Fuera de los confines de Francia, el movimiento no tuvo menor amplitud ni duración. La vida espiritual europea tiene continuos flujos y reflujos, pero es unitaria en su desarrollo; y la difusión del nuevo movimiento en Europa fue rapidísima. Revistas apropiadas surgieron: en 1892 la “Blätter für die Kunst” (v.) de Stefan George, en Alemania; en 1893 la “Torre” de Joergensen y de Stuckenberg, en Dinamarca; en 1894 el ‘Libro Amarillo” de Beardsley y Beerbohm en Inglaterra; en 1895 el “Convito” (v.) de De Bosis en Italia. Y la renovación invistió todas las formas de poesía —incluso el mismo teatro naturalista con el último Ibsen, con el Hauptmann de la Campana sumergida (v.), con el Strindberg de los dramas místicos — desde Hacia Damasco (v.) (1898) hasta la Gran Vía (1909). Pero
lo mismo en Francia que en el resto de Europa— fue sobre todo en la lírica donde la nueva poesía encontró su expresión más espontánea y más rica. Desde el noruego Ostfelder y el holandés Verwey hasta el nicaragüense Rubén Darío, que llenó dos mundos con su vida inquieta y con sus cantos armoniosos; desde el denso grupo de los simbolistas rusos —Block, Balmont, Bieli, Briussov, Ivánov — en los cuales un particular simbolismo místico confluyó con el estético, hasta el grupo menos numeroso pero históricamente no menos importante de los poetas del Renacimiento irlandés — Yeats, Russell, Moore, Synge — quienes dieron a Irlanda una poesía nacional fantástica y coloreada en lengua inglesa; desde el vienés Hofmannsthal todavía sin cumplir los veinte años, a quien parecían llover del cielo, con una pureza milagrosa de melodía, las inspiraciones, hasta el renano Stefan George que, siguiendo la escuela de Mallarmé, formó una nueva lengua poética de alto tono y de exquisito temple, y emprendió por fin el camino hacia la creación de un mundo poético de heroica inspiración, en todas partes, en toda Europa, pareció que el alma moderna volviese a encontrar, de repente, el más amplio impulso de fuerzas creadoras.

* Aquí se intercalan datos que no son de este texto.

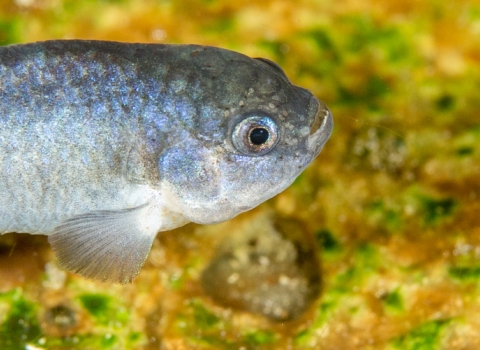 A photo of a small endangered species called Devils Hole pupfish with metallic blue on its side.
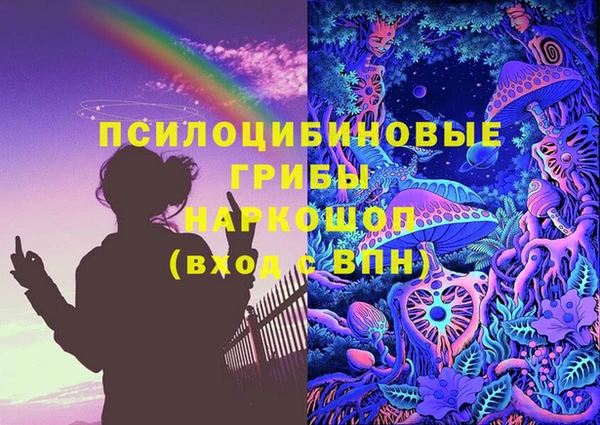 винт Лагань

Durante años y años la poesía moderna continuó bebiendo en él como en una de sus grandes fuentes; incluso en Italia, donde el Simbolismo pareció ciertamente, en el primer momento, agotarse en la tonalidad decadente del dannunziano Poema Paradisíaco (v.) (1893); pero, en la proyección del tiempo, libre de dicha tonalidad, renació y constituyó una de las directas experiencias formativas para los poetas de la nueva y novísima generaciones. Análogamente en Suiza, en su soledad del castillo de Muzot, Rilke – casi medio siglo después de la primera aparición de la escuela simbolista, con una inspiración religiosamente personal pero en fraternidad de arte con Valéry — se elevaba a su más alta poesía en los Sonetos a Orfeo (v.) y en las Elegías de Duino (v.) (1922).